» **RECORDS FOR THE TASK**:
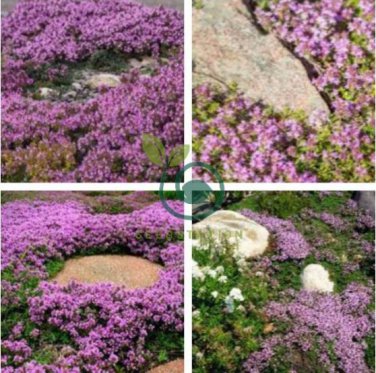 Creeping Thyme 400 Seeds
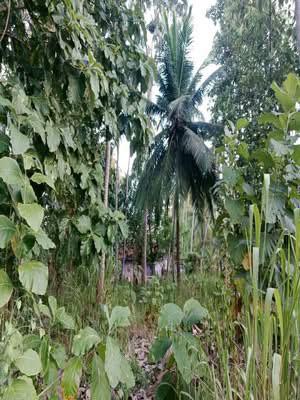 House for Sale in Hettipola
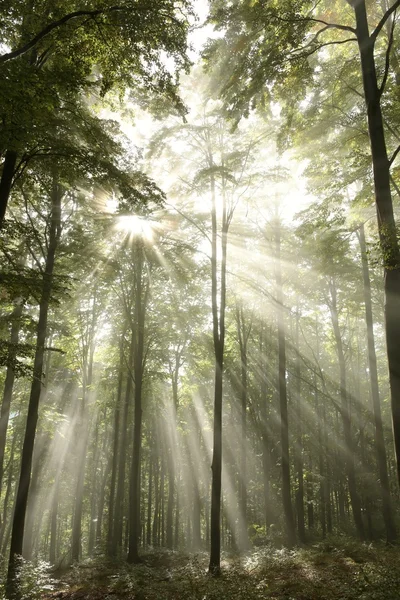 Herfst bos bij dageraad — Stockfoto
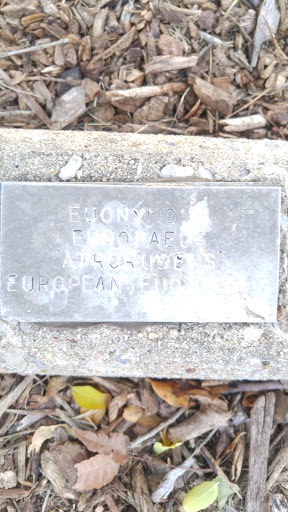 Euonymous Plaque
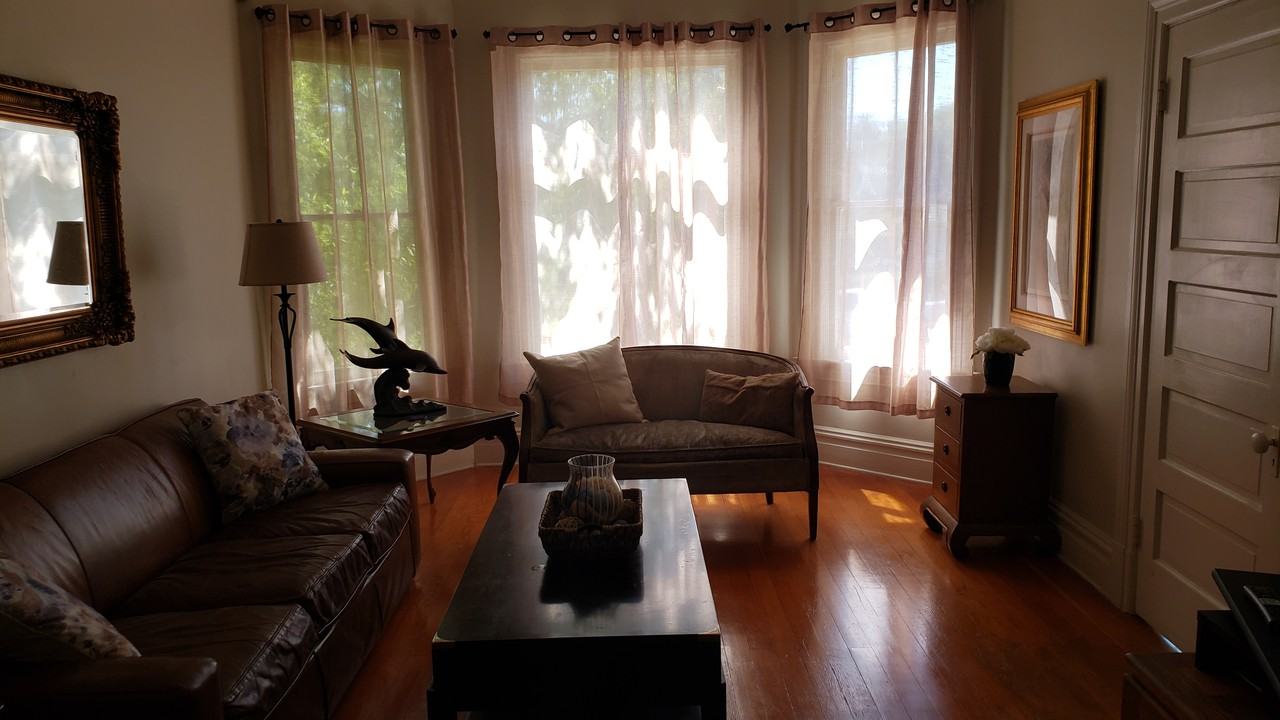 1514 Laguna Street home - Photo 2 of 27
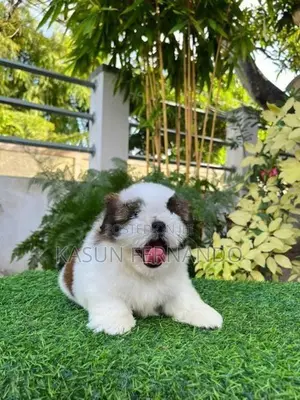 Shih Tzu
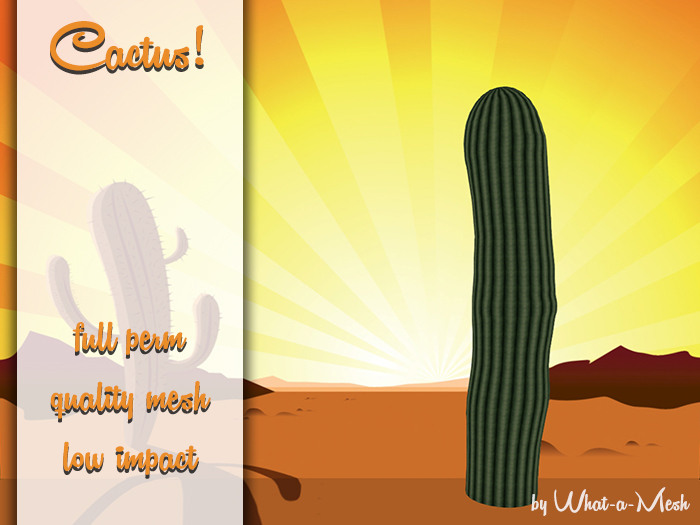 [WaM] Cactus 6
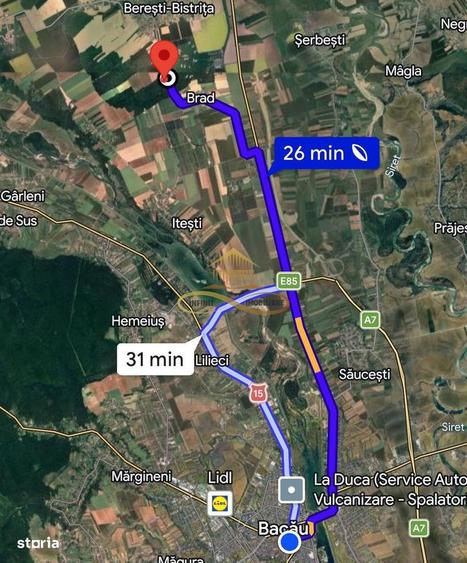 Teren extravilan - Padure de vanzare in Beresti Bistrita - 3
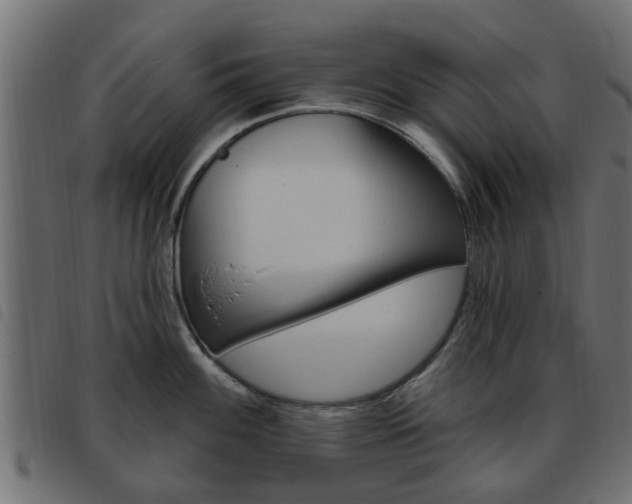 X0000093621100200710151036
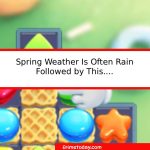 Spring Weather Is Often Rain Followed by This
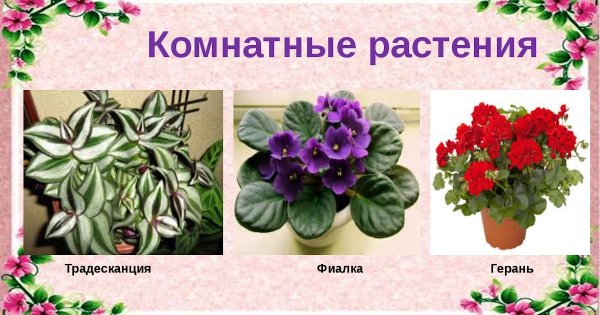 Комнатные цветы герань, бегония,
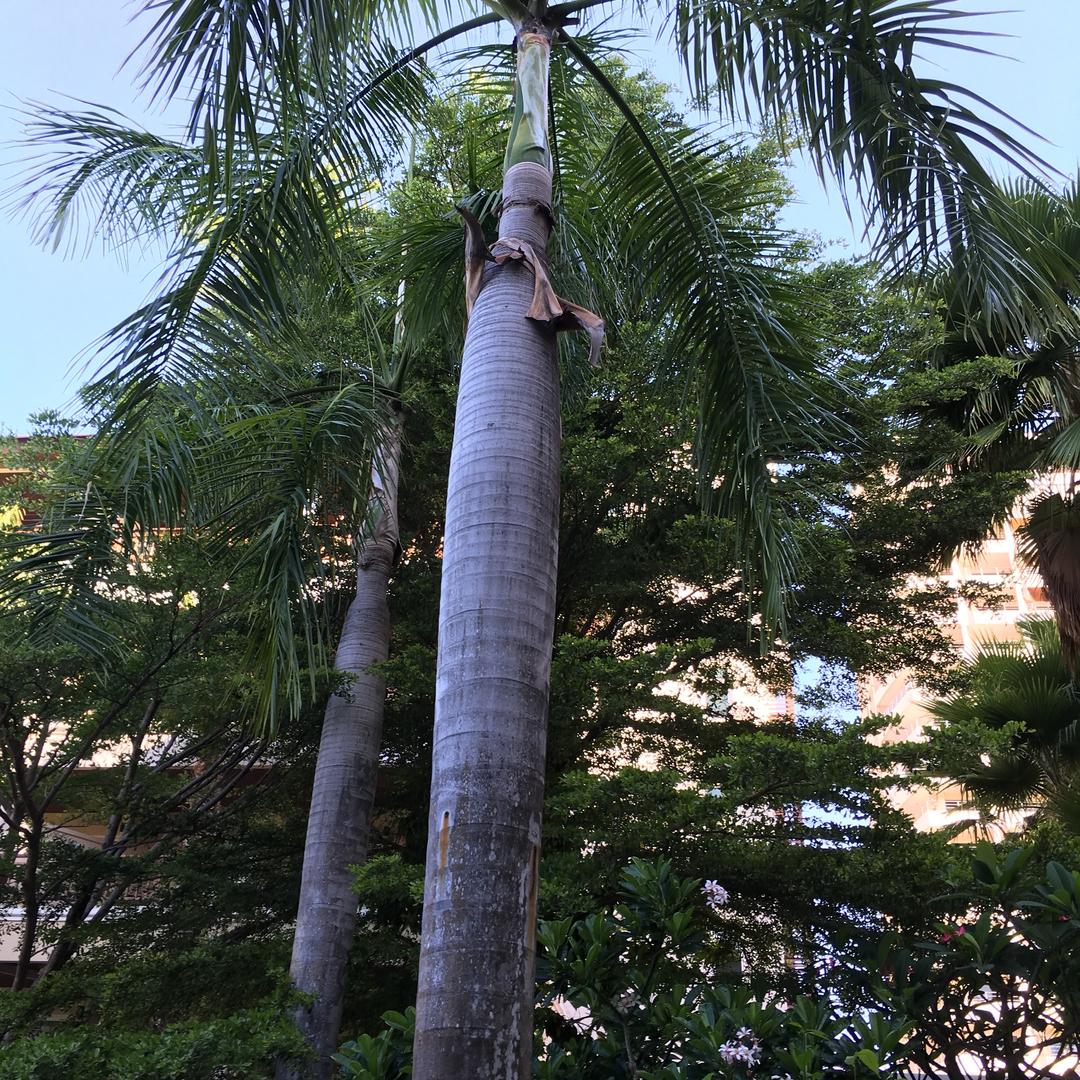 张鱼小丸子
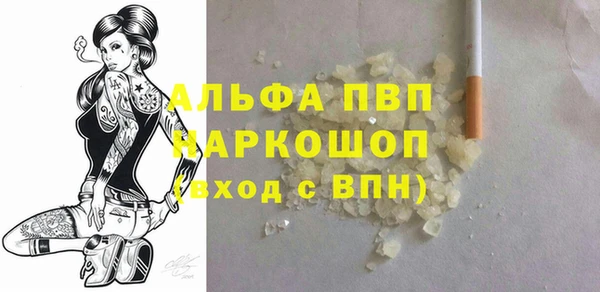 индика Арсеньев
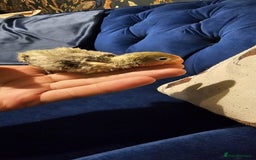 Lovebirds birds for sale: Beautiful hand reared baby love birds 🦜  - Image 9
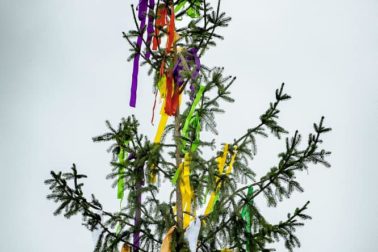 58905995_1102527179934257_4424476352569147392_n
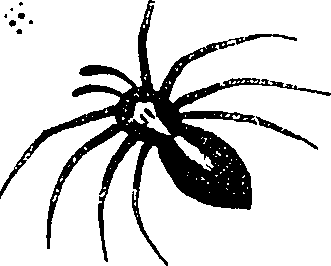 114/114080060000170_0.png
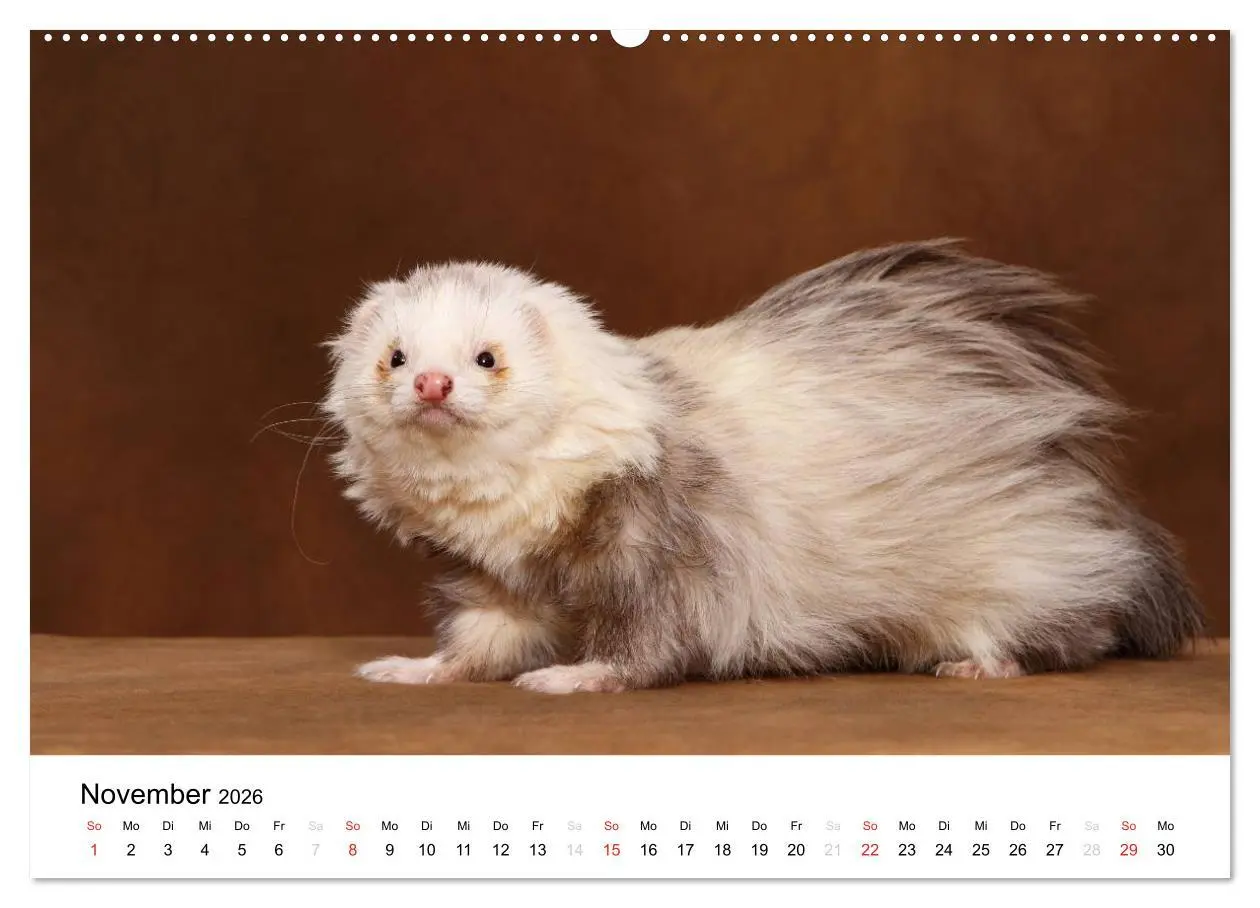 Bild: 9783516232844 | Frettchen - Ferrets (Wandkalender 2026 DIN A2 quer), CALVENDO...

» **PROBLEM TO WORK ON**: A faithful transcription of the material, with no pictures, is the expected result.

» **RESPONSE AREA**:
 Creeping Thyme 400 Seeds
 House for Sale in Hettipola
 Herfst bos bij dageraad — Stockfoto
 Euonymous Plaque
 1514 Laguna Street home - Photo 2 of 27
 Shih Tzu
 [WaM] Cactus 6
 Teren extravilan - Padure de vanzare in Beresti Bistrita - 3
 X0000093621100200710151036
 Spring Weather Is Often Rain Followed by This
 Комнатные цветы герань, бегония,
 张鱼小丸子
 индика Арсеньев
 Lovebirds birds for sale: Beautiful hand reared baby love birds 🦜  - Image 9
 58905995_1102527179934257_4424476352569147392_n
 114/114080060000170_0.png
 Bild: 9783516232844 | Frettchen - Ferrets (Wandkalender 2026 DIN A2 quer), CALVENDO...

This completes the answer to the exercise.